**To do**
As the answer, give exactly the lines of the records below from the one with "Rolex Datejust M126331-0010" through the one with "Wholesale Original Paint", ends included and pictures left out.

**Provided records**
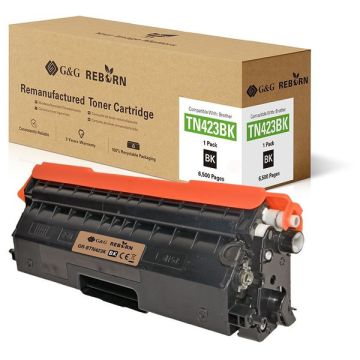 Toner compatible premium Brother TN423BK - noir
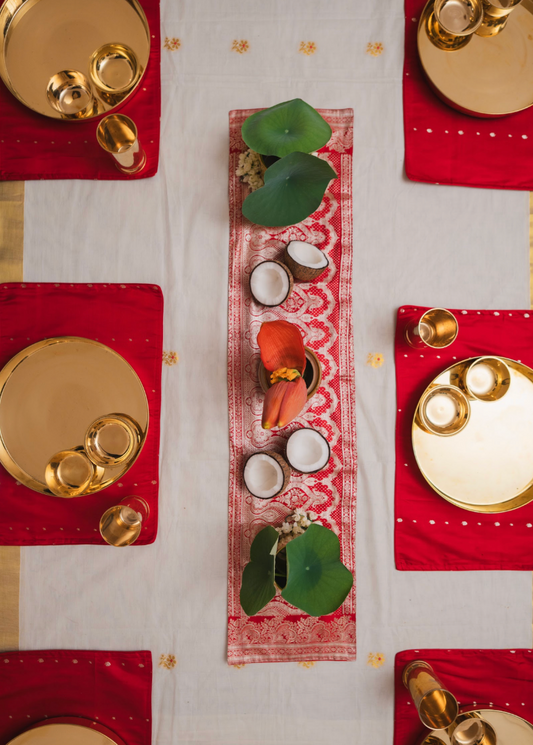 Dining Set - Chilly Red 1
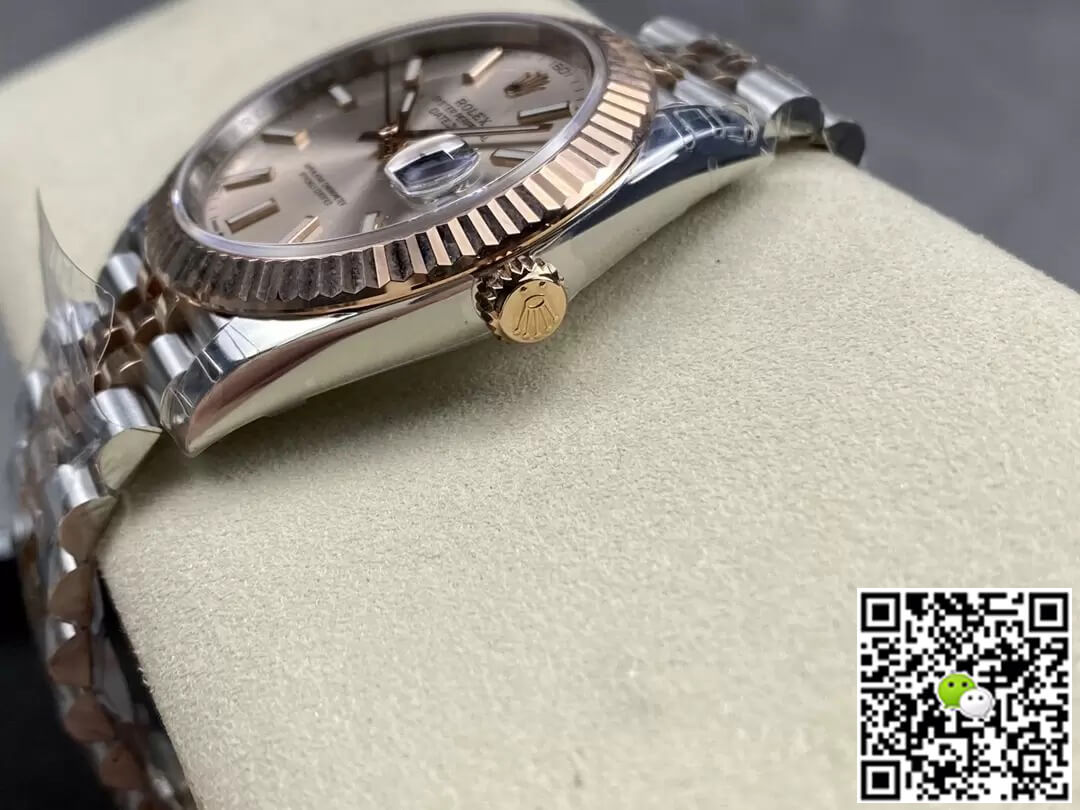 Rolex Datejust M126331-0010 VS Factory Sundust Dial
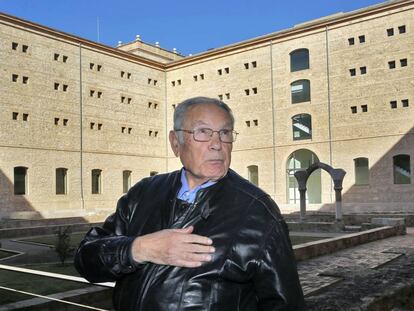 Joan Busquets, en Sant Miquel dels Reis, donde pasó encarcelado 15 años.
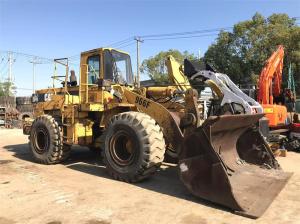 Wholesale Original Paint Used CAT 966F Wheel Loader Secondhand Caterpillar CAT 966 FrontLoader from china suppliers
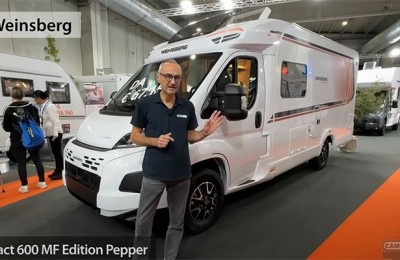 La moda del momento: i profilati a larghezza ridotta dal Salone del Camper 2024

**Answer to this exercise**
 Rolex Datejust M126331-0010 VS Factory Sundust Dial
 Joan Busquets, en Sant Miquel dels Reis, donde pasó encarcelado 15 años.
 Wholesale Original Paint Used CAT 966F Wheel Loader Secondhand Caterpillar CAT 966 FrontLoader from china suppliers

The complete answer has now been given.